Task:
A faithful copy of the data is what is wanted, minus any pictures.

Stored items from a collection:
━━━
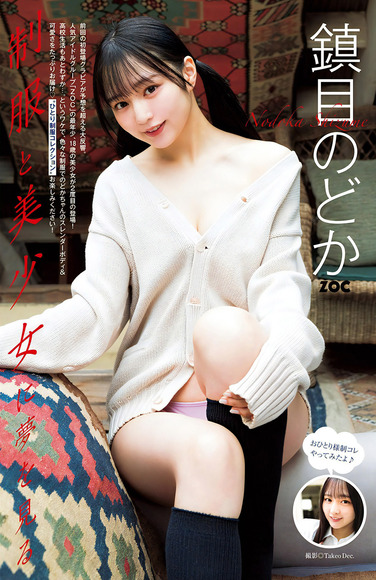 250816鎮目のどか001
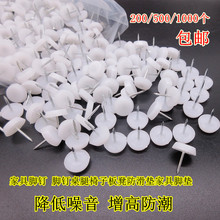 14mmƽϼҾߵ_ᔵ푷ε_|ɳl_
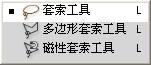 怎麼處理照片？攝影快速的4步PS照片步驟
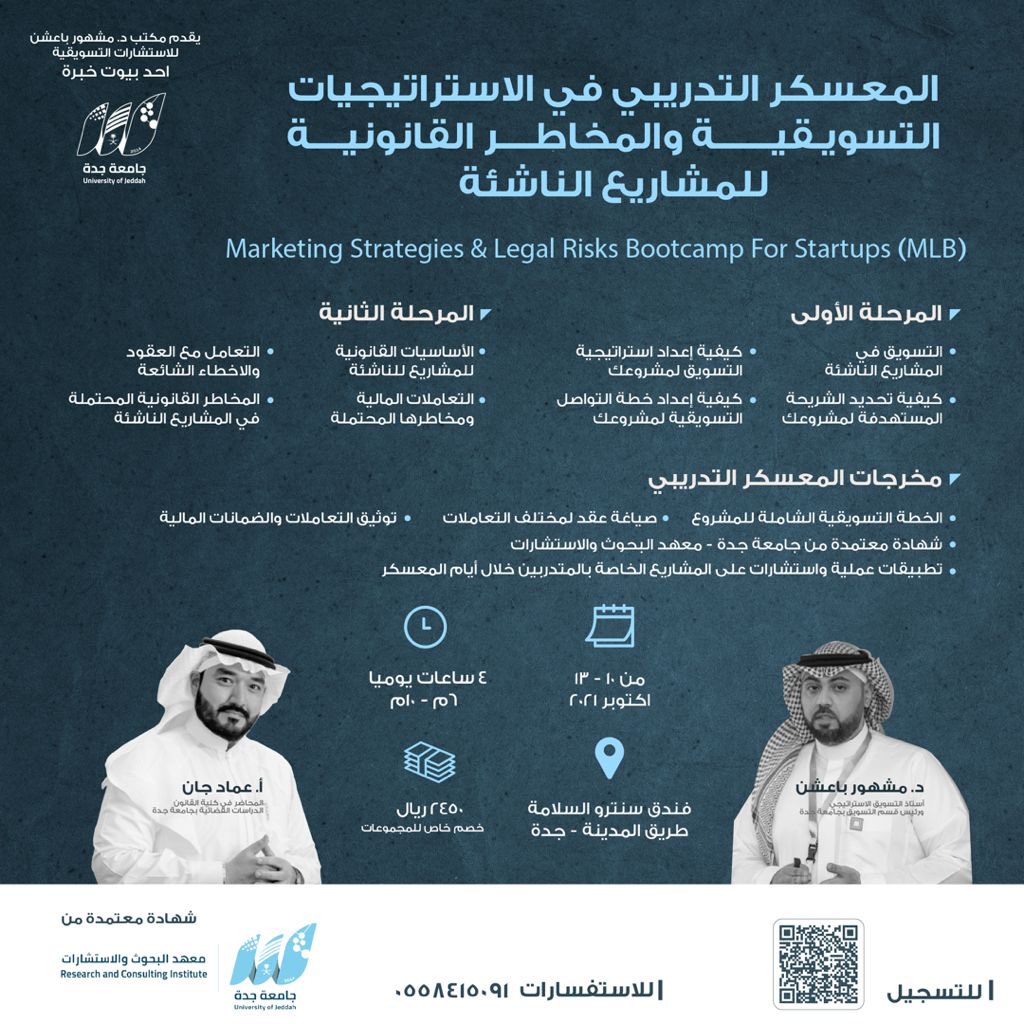 dr_mhbaeshen's tweet photo. لا تفوت فرصة التسجيل وحضور أحد أقوى المعسكرات التدريبية والذي يقدمه أحد بيوت خبرة جامعة جدة بشهادة معتمدة من معهد البحوث والاستشارات بجامعة جدة

رابط التسجيل:
 https://t.co/zJi9dC4X0R

*المقاعد محدودة

#تسويق #ريادة_أعمال #mkt_chess https://t.co/LApv0SIYey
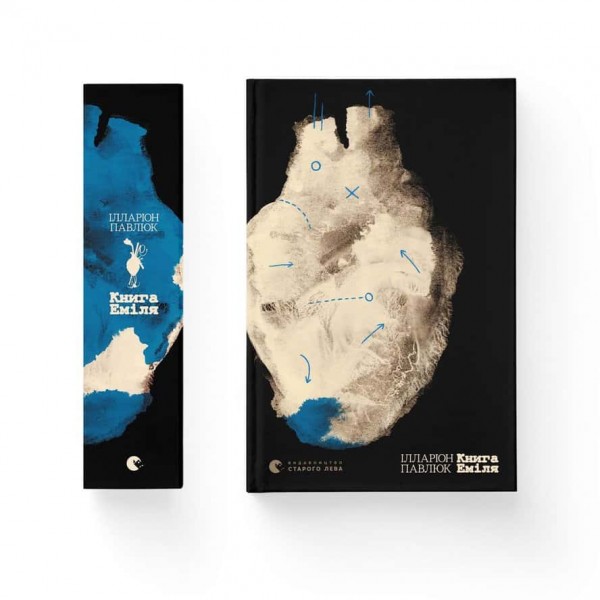 Книга Еміля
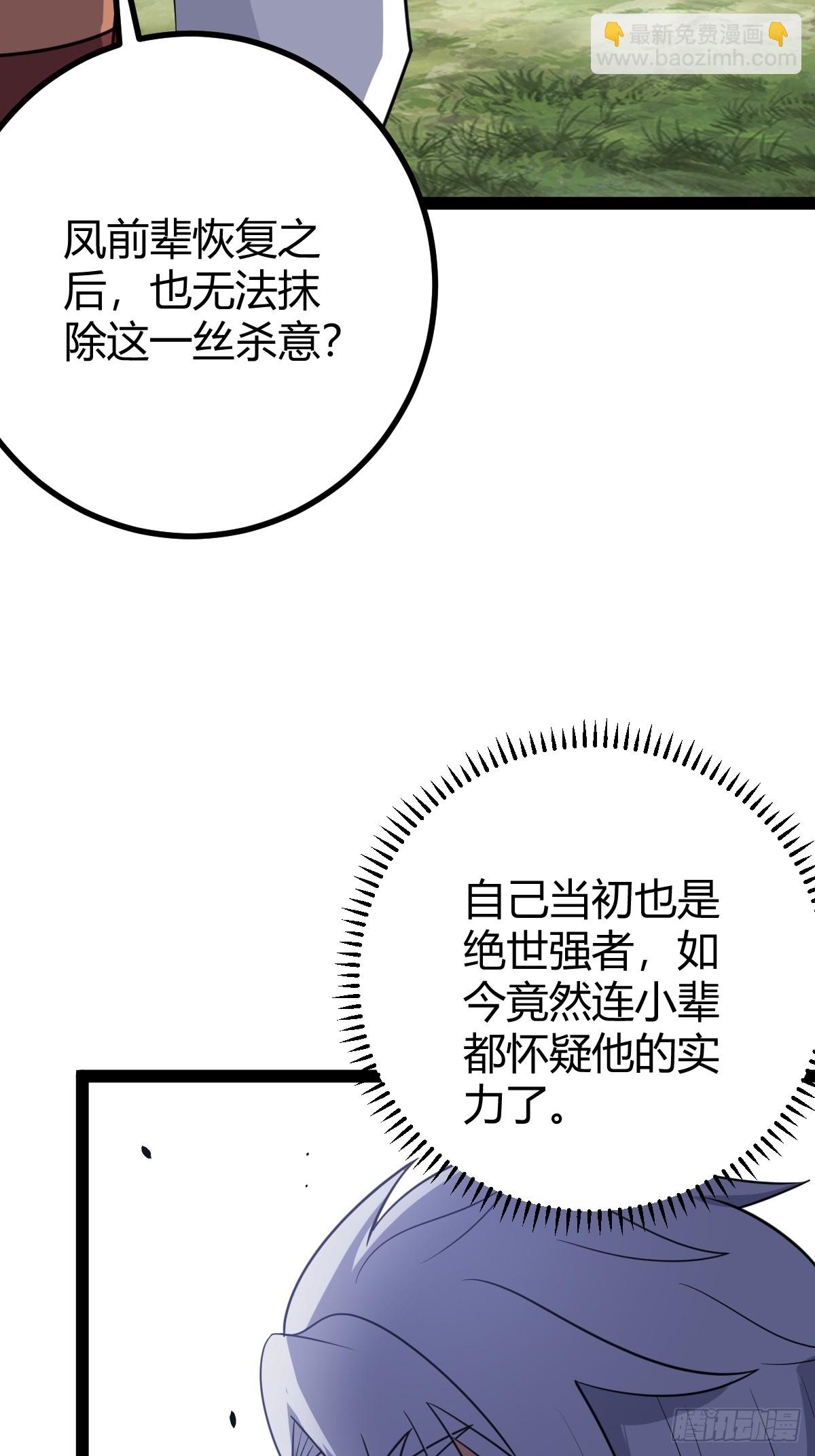 285-第283话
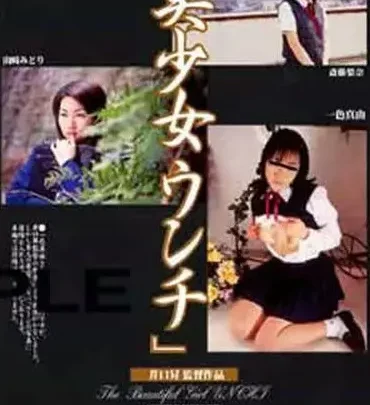 Screenshot 1 aus SDDL-056 Wunderschöne Schülerin: Gutherzige Scat-Einführung - Isshoku Mayu, Saitou Midori, Nishikawa Rina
━━━
Result of this exercise:
 250816鎮目のどか001
 14mmƽϼҾߵ_ᔵ푷ε_|ɳl_
 怎麼處理照片？攝影快速的4步PS照片步驟
 dr_mhbaeshen's tweet photo. لا تفوت فرصة التسجيل وحضور أحد أقوى المعسكرات التدريبية والذي يقدمه أحد بيوت خبرة جامعة جدة بشهادة معتمدة من معهد البحوث والاستشارات بجامعة جدة

رابط التسجيل:
 https://t.co/zJi9dC4X0R

*المقاعد محدودة

#تسويق #ريادة_أعمال #mkt_chess https://t.co/LApv0SIYey
 Книга Еміля
 285-第283话
 Screenshot 1 aus SDDL-056 Wunderschöne Schülerin: Gutherzige Scat-Einführung - Isshoku Mayu, Saitou Midori, Nishikawa Rina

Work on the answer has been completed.